Tej nocy nie mogłam zasnąć. Było to dość oczywiste. Nie czułam się bezpiecznie. Nikt o zdrowym umyśle nie zasnąłby ze stoickim spokojem w takiej sytuacji. Wierciłam się i przekręcałam z boku na bok. Nawet na krótką chwilę nie wypuściłam ostrej części obuwia z dłoni. To właśnie ona dodawała odrobinkę pewności, jednakże była jak jedna kropla w oceanie. Na własne życzenie popsułam całe swoje życie. Każdy miał je jedno, a ja głupio ryzykowałam jakbym chociażby miała całą talię. Identyfikowałam się z czarną owcą w białym stadzie. Od kiedy pamiętam zawsze trochę czymś odstawałam. Zaczynając od wyglądu i niecodziennych oczu, kończąc na charakterze. Odwaga, pewność siebie i czasem zbyt długi i cięty język stały się znakiem rozpoznawczym. Mimo to byłam zawsze tą uśmiechniętą Melisą Mays, która krzyczała, każdej nawet nieznajomej osobie ,,dzień dobry''. W szkole naprawdę solidna uczennica, ale do czasu, gdy towarzystwo w jakim się obracała wymknęło się spod kontroli. Porównywałam to trochę do hazardu. Pierwsze wygrane w formie niezapomnianych chwil i przeżyć były potężnie uzależniające. Były drobne kłótnie i wykroczenia, ale wciągnęłam się tak mocno, że nie wiedziałam, kiedy jestem zwycięzcą, a przegranym. Rzeczywistość była tylko smętną bańką, która ulatywała przed twarzą i zamiast ją złapać, ochronić by nic nie wyrządziło jej krzywdy, ja puściłam ją wolno. Cieszyłam się patrząc jak odlatuje, a w jej miejsce pojawia się dziwnie fascynująca czarna chmura. Nie mogłam oderwać spojrzenia. Zahipnotyzowała mnie. Trochę zbyt późno zrozumiałam, że przepowiadała burzę, która zmiecie wszystko co piękne.
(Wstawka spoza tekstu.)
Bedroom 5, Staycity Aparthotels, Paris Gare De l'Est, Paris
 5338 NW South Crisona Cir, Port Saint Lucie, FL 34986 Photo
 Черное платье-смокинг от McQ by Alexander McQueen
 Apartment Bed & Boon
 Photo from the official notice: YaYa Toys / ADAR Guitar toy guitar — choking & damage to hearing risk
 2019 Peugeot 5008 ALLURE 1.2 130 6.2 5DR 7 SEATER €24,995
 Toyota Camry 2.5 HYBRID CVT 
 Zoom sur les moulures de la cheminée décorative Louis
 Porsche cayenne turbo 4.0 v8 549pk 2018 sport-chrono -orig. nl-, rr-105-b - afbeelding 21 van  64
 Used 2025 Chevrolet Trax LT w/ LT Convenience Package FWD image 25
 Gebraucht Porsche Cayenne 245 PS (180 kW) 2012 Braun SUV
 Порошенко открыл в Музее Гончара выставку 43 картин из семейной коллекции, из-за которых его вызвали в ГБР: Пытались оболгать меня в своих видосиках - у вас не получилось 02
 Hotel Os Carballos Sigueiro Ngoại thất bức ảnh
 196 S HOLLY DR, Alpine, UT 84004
Podniosłam się do siadu i przetarłam zmęczoną twarz. Była cała polepiona, klejąca, brudna i opuchnięta przez brak snu i niezmyty makijaż. Resztki kępek trzymały się na jednej rzęsie. Włosy były potargane w każdą stronę, jakby przed sekundą, ktoś tarł na nich balonika by się naelektryzował. Przyklepałam je dłońmi i założyłam za uszy. Wtedy poczułam, że brakuje jednego kolczyka. Rozejrzałam się wokół, ale nigdzie go nie było. Musiał spać już podczas szarpaniny w hotelu. Przeciągnęłam się i postanowiłam wstać by doprowadzić się do porządku. Stawiając gołe stopy na zimnym parkiecie wzdrygnęłam się. W pomieszczeniu było dość chłodno albo to mój organizm przestał odpowiednio funkcjonować. Byłam cała obolała. Dosłownie każda część ciała czuła dziwne bodźce. Zignorowałam to by jak najszybciej wziąć kąpiel i rozplanować plan działania. Taki, który w stu procentach zakończy się powodzeniem.
Drogie owieczki, wasz pasterz o was pamięta.
Podeszłam do biurka, aby założyć soczewki zanim wyszłabym z pokoju. Nie mogłam ryzykować. Mimo, że Ethan nie znał mnie jako Melisę, wolałam zachować należytą ostrożność. Nachyliłam się nad soczewkami i zmarszczyłam brwi. Zacisnęłam usta w wąską linie i w myślach zaczęłam liczyć do dziesięciu by się uspokoić.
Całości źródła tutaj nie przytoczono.